-- Work to complete --
Print the records below exactly, from the line containing "Navy Blue Stingy" down to the line containing "Avanti Linens - Covered", both lines included, and omit every picture.

-- Available data --
▽
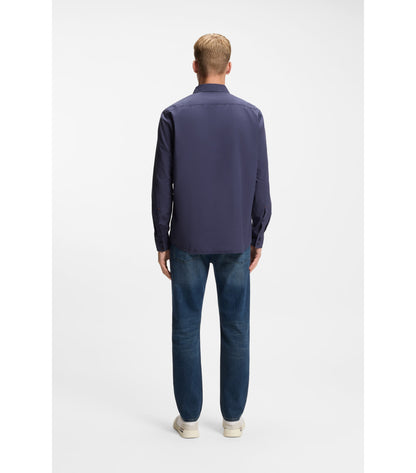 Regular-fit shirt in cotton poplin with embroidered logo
△
▽
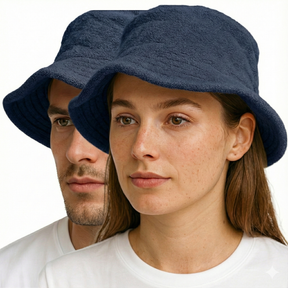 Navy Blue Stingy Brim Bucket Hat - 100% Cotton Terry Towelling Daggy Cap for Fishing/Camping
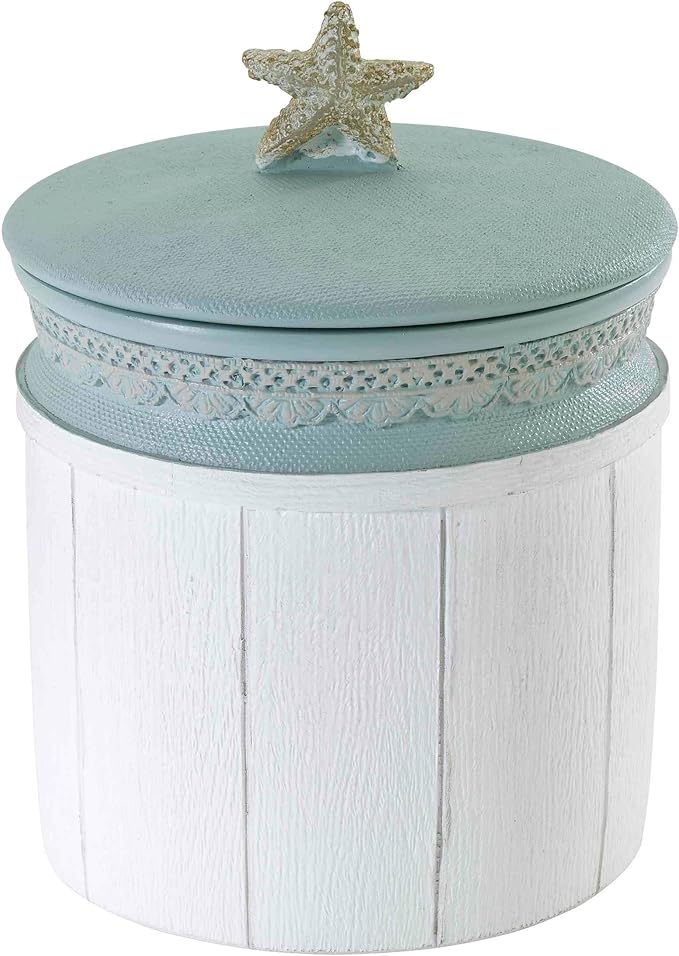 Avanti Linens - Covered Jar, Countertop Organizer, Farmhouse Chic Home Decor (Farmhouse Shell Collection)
△
-- Result of the exercise --
 Navy Blue Stingy Brim Bucket Hat - 100% Cotton Terry Towelling Daggy Cap for Fishing/Camping
 Avanti Linens - Covered Jar, Countertop Organizer, Farmhouse Chic Home Decor (Farmhouse Shell Collection)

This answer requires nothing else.